Firstly, I sort of bought all three versions. I wanted to see how the game ran across the different platforms, and even though the Switch version launched for $40 at a time when the others are all less than $20…I still bought that one too.
But I haven’t managed to actually finish the game on any of those machines yet, and with rare exception, I like to finish games before I write something I call a review.
Secondly, the game has received a number of patches in the last few months, and they’ve done great things for its performance, general bugginess, and gameplay. They’ve added further refinements to the user interface and fixed a number of issues present in the initial release. And the Switch version launched with most of these fixes intact.
Thirdly…the changes made to the console versions are a little bit baffling?
Black Forest Games started with the excellent PC Anniversary Edition made by Pieces Interactive. They added a full gamepad interface, which is generally great, and overhauled the visuals, which at times look great and at others look…odd.
There’s also a number of new bugs that aren’t present in the PC release. Aside from random crashing, items that don’t always reach the ground and are thus hard to pick up, and physics that seem to animate at a slightly higher framerate than the original release…and there’s some sound issues too.
When you’re teleporting between areas, the sound will sometimes start to skip and pop. And when you leave a merchant, it plays two of their goodbye audio messages every single time. Each merchant has a handful of things they can say when you leave, selected at random. But the console versions always play two of these files over the top of each other. It’s really weird.
Oh, and a few months ago, they merged in the content from Pieces Interactive’s 2017 Ragnarok expansion…but you can’t actually buy that content on consoles yet. So you’ll see menu prompts, items, and skill trees from that expansion that aren’t accessible. There’s text in the game that says “this requires the Ragnarok expansion!” but there’s no timeframe for when that will be available on consoles.
That’s a bit sloppy, isn’t it?
I don’t think that any of the bugs are dealbreakers, and I think the new graphics generally look good…but I thought I’d give the game a little more time to see if this stuff gets smoothed out before I finally weighed in. The team is at Gamescom right now, and they’ve been very responsive online. I think they have one more patch planned for release soon, so hopefully it fixes some of these last issues.
Titan Quest is still a great game, and I’ll finally finish one of these new releases this week and weigh in on it. But I can’t help but ponder some of the weirdness going on here.
Did Black Forest Games have to make significant changes to the game to get it running on consoles, and in so doing cause these new issues?

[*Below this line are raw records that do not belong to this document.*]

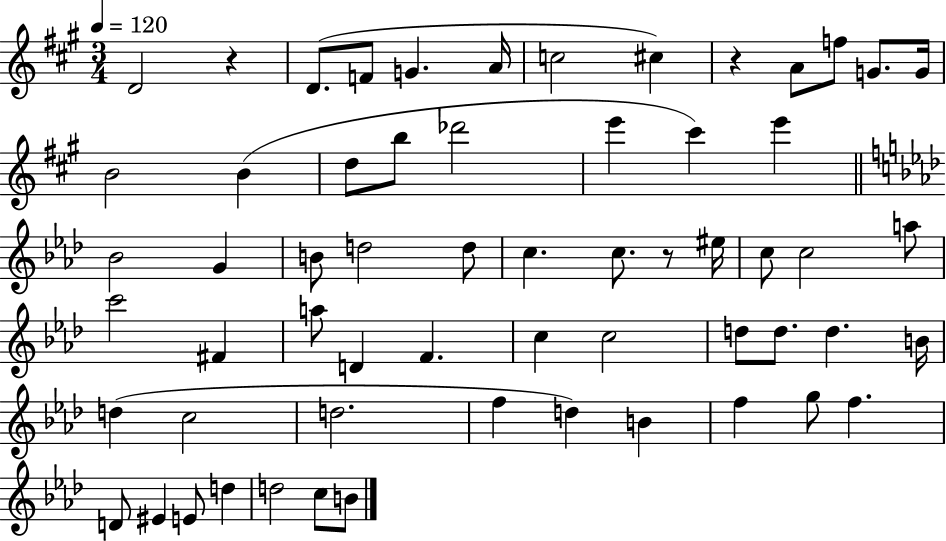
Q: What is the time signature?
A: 3/4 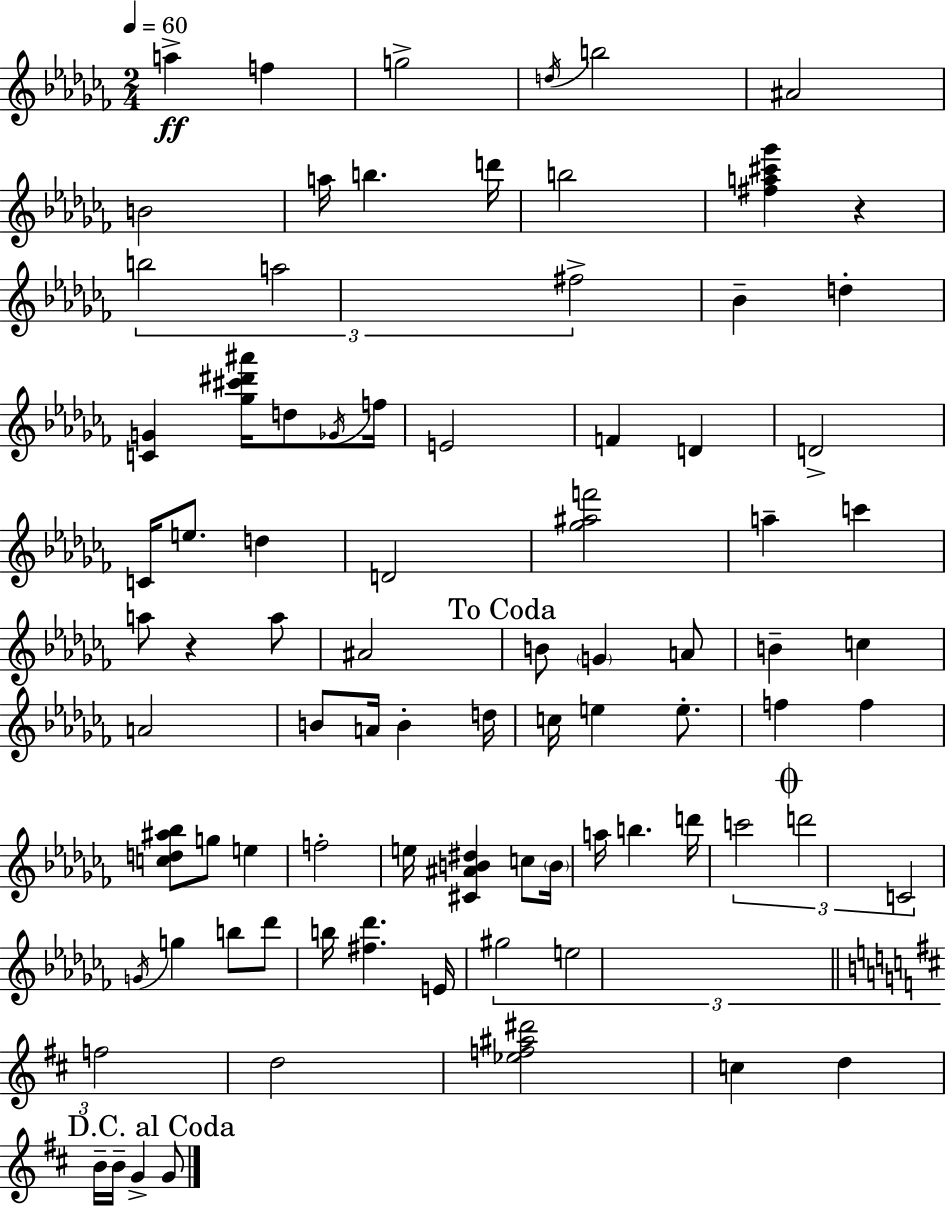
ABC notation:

X:1
T:Untitled
M:2/4
L:1/4
K:Abm
a f g2 d/4 b2 ^A2 B2 a/4 b d'/4 b2 [^fa^c'_g'] z b2 a2 ^f2 _B d [CG] [_g^c'^d'^a']/4 d/2 _G/4 f/4 E2 F D D2 C/4 e/2 d D2 [_g^af']2 a c' a/2 z a/2 ^A2 B/2 G A/2 B c A2 B/2 A/4 B d/4 c/4 e e/2 f f [cd^a_b]/2 g/2 e f2 e/4 [^C^AB^d] c/2 B/4 a/4 b d'/4 c'2 d'2 C2 G/4 g b/2 _d'/2 b/4 [^f_d'] E/4 ^g2 e2 f2 d2 [_ef^a^d']2 c d B/4 B/4 G G/2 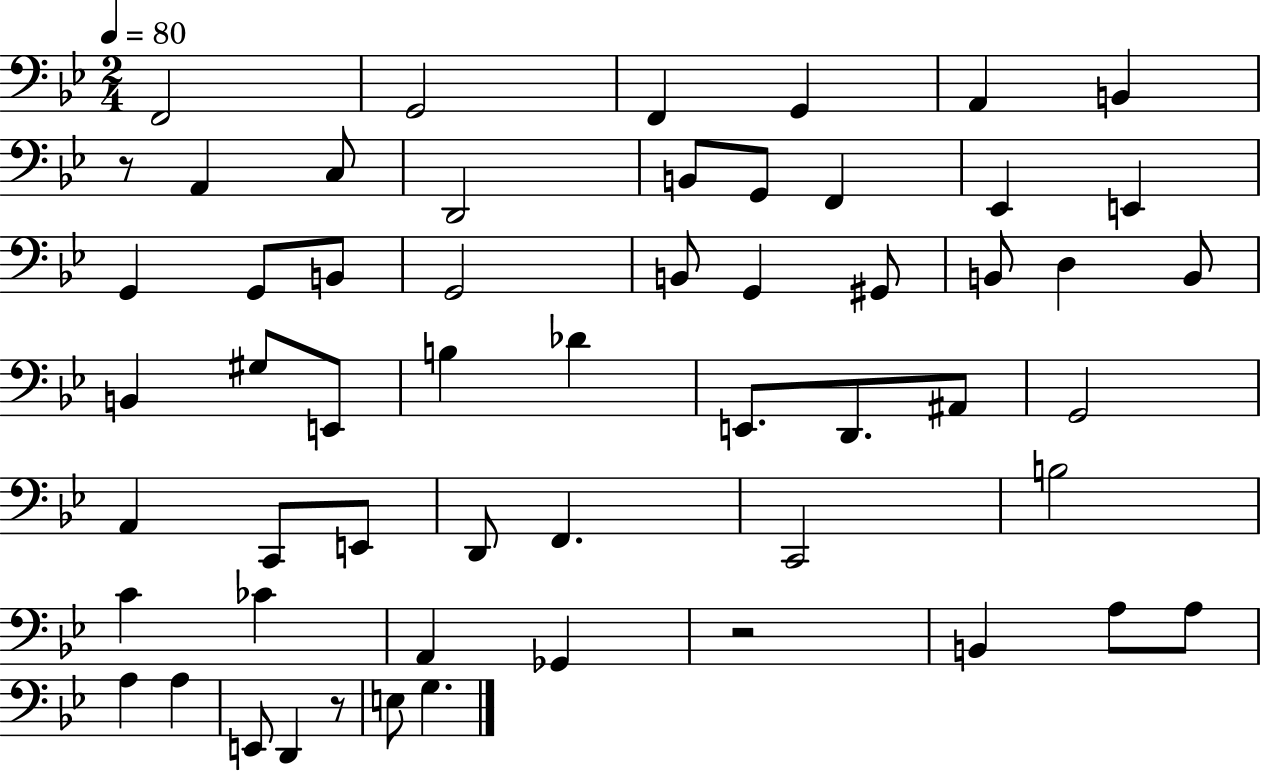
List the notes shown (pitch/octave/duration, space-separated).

F2/h G2/h F2/q G2/q A2/q B2/q R/e A2/q C3/e D2/h B2/e G2/e F2/q Eb2/q E2/q G2/q G2/e B2/e G2/h B2/e G2/q G#2/e B2/e D3/q B2/e B2/q G#3/e E2/e B3/q Db4/q E2/e. D2/e. A#2/e G2/h A2/q C2/e E2/e D2/e F2/q. C2/h B3/h C4/q CES4/q A2/q Gb2/q R/h B2/q A3/e A3/e A3/q A3/q E2/e D2/q R/e E3/e G3/q. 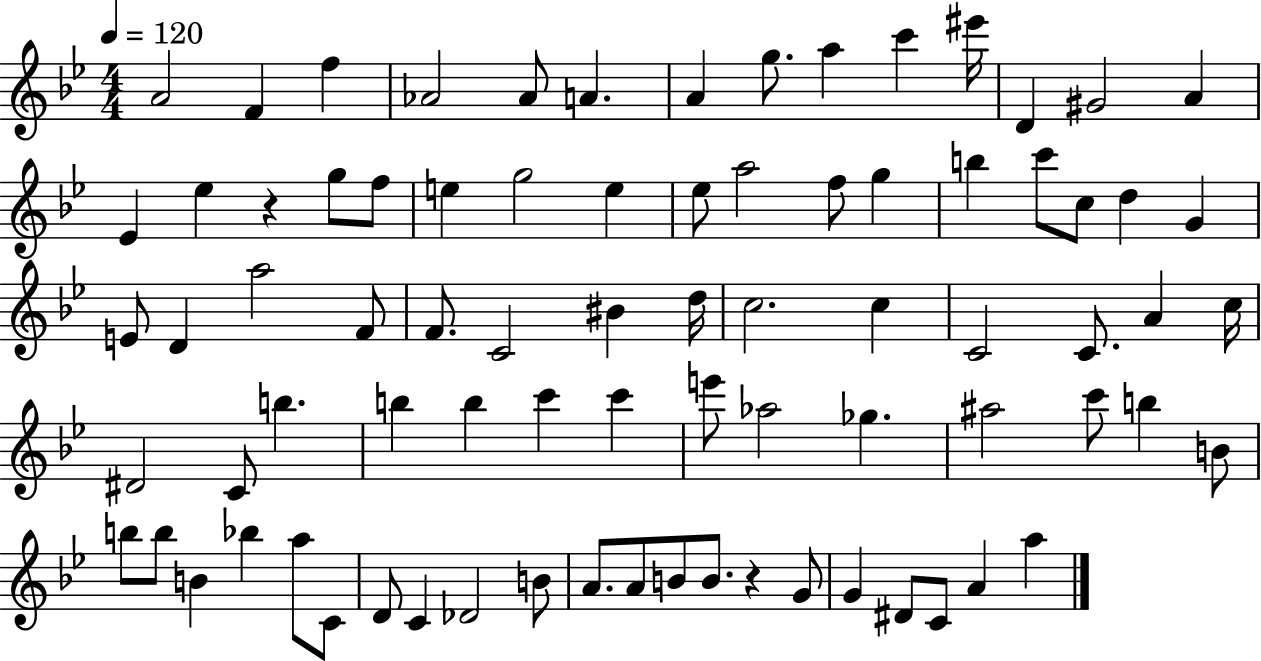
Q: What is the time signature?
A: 4/4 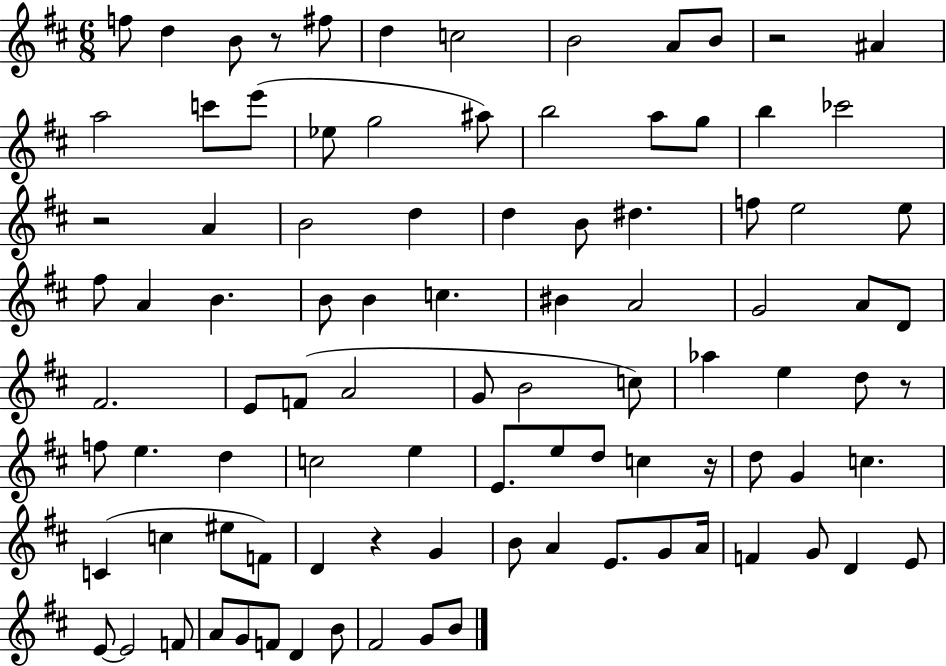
F5/e D5/q B4/e R/e F#5/e D5/q C5/h B4/h A4/e B4/e R/h A#4/q A5/h C6/e E6/e Eb5/e G5/h A#5/e B5/h A5/e G5/e B5/q CES6/h R/h A4/q B4/h D5/q D5/q B4/e D#5/q. F5/e E5/h E5/e F#5/e A4/q B4/q. B4/e B4/q C5/q. BIS4/q A4/h G4/h A4/e D4/e F#4/h. E4/e F4/e A4/h G4/e B4/h C5/e Ab5/q E5/q D5/e R/e F5/e E5/q. D5/q C5/h E5/q E4/e. E5/e D5/e C5/q R/s D5/e G4/q C5/q. C4/q C5/q EIS5/e F4/e D4/q R/q G4/q B4/e A4/q E4/e. G4/e A4/s F4/q G4/e D4/q E4/e E4/e E4/h F4/e A4/e G4/e F4/e D4/q B4/e F#4/h G4/e B4/e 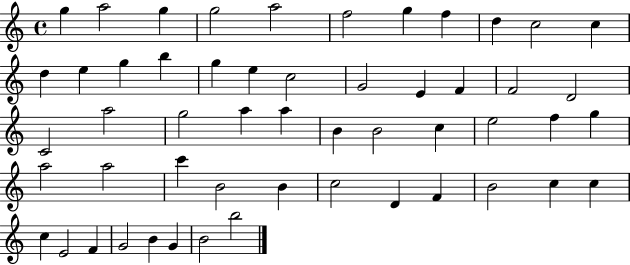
X:1
T:Untitled
M:4/4
L:1/4
K:C
g a2 g g2 a2 f2 g f d c2 c d e g b g e c2 G2 E F F2 D2 C2 a2 g2 a a B B2 c e2 f g a2 a2 c' B2 B c2 D F B2 c c c E2 F G2 B G B2 b2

How did they get splitscreen working well when the game’s original team (now working on Grim Dawn, using the same base engine) has gone on the record saying that would be a herculean task in that engine? Why does the Xbox One X version allow users to turn off 4K rendering and enforce a 30FPS cap when the game seems to hold pretty well at 4K/60FPS in its default settings?
My gut instinct that could be entirely wrong is that Black Forest had to bring a significant coding effort to the game in a very limited timeframe, rather than just going for the straight port that the mobile version had. It almost feels like they’re running it on a whole new codebase/engine that uses their in-house technology, and although in the long-run I think it’ll be great…right now it still feels about 95 percent done.
I’m happy that Titan Quest is getting all this love in 2018, and happy that Grim Dawn is getting so much attention and continued development. If you’d told me 5 years ago that the Iron Lore engine/games were coming back in a big way, I’d have laughed and walked away from you.